A Dow Jones for Drug Resistance

ATLANTA—Antibiotic resistance is a huge, worldwide problem, but making sense of the ever-shifting resistance patterns can be hard, especially for policymakers unschooled in microbiology. Now, there's a new index, developed by health economist Ramanan Laxminarayan, that simplifies matters by expressing the resistance problems for any given microbe in a single number that goes up or down from year to year. The index, not unlike the Dow Jones or the cost-of-living index, could help drive home the importance of smart drug policies and make it easier to compare resistance in different countries.

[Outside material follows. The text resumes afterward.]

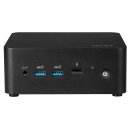 MSI Cubi NUC 1MG-019DE i7-150Uschwarz/16GB/512GB SSD W11P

"It's a fascinating idea," says Keith Klugman, who studies antimicrobial resistance at Emory University here. Klugman chaired a symposium here yesterday at the annual meeting of the American Society of Tropical Medicine and Hygiene where Laxminarayan, who heads the Center for Disease Dynamics, Economics & Policy in Washington, D.C., presented his as-yet-unpublished Drug Resistance Index. (He's welcoming suggestions for a catchier name.)

Reading antimicrobial resistance data can be confusing because there are so many antibiotics. Take a bacterium like Escherichia coli. A whopping 80% of the samples from a given country might be resistant to drug A, 20% to drug B, and 4% to drug C, whereas there may be no resistance problems at all with drugs D and E. But just how bad is that? And if next year, one of these numbers goes up, another down, and the rest stays the same, have things gotten better or worse? A single number that tells the story would make it much easier for policymakers and the general public to understand the issue, says Laxminarayan.

His index—there would be one for every microbe in every country—uses a "basket" of resistance data for different drugs, comparable to the basket of groceries and other expenses that makes up the cost-of-living index. These numbers are weighted according to the amount of each that is used. For instance, if doctors use cephalosporin twice as often as they do penicillin to treat a certain infection, cephalospirin's resistance percentage carries twice as much weight. This way, the index reflects how serious the resistance problem really is, says Laxminarayan. If a microbe develops resistance to a drug that is hardly ever used anyway—because better or cheaper ones exist—than the index will go up only slightly. But if resistance occurs against a drug prescribed to almost every patient, the index will skyrocket.

The new index would make also make it easier to compare resistance data across countries, says Laxminarayan. For instance, he presented the index for Streptococcus pneumoniae, one of the bacteria that can cause pneumonia, in four South American countries over the past 5 years. During that period, the index rose in Peru and Brazil, but it was more or less stable in Argentina and Venezuela. You could also produce an aggregate index for an entire continent, says Laxminarayan, or for all the microbes that can cause pneumonia together.

"It's a very elegant tool because it encompasses both resistance and use," says Heiman Wertheim, who studies drug resistance in Vietnam at the Oxford University Clinical Research Unit in Hanoi. "I think it can really help get the problem of resistance on policymakers' agendas."

One problem with the index is that you need detailed information, updated frequently, about resistance as well as antibiotic consumption, preferably broken down by the bug for which a drug was prescribed. In many countries—especially the poor ones—such data are hard if not impossible to come by. But Laxminarayan says that widespread adoption of the index would provide an impetus to start collecting more data on antibiotics, which he says is a good idea anyway.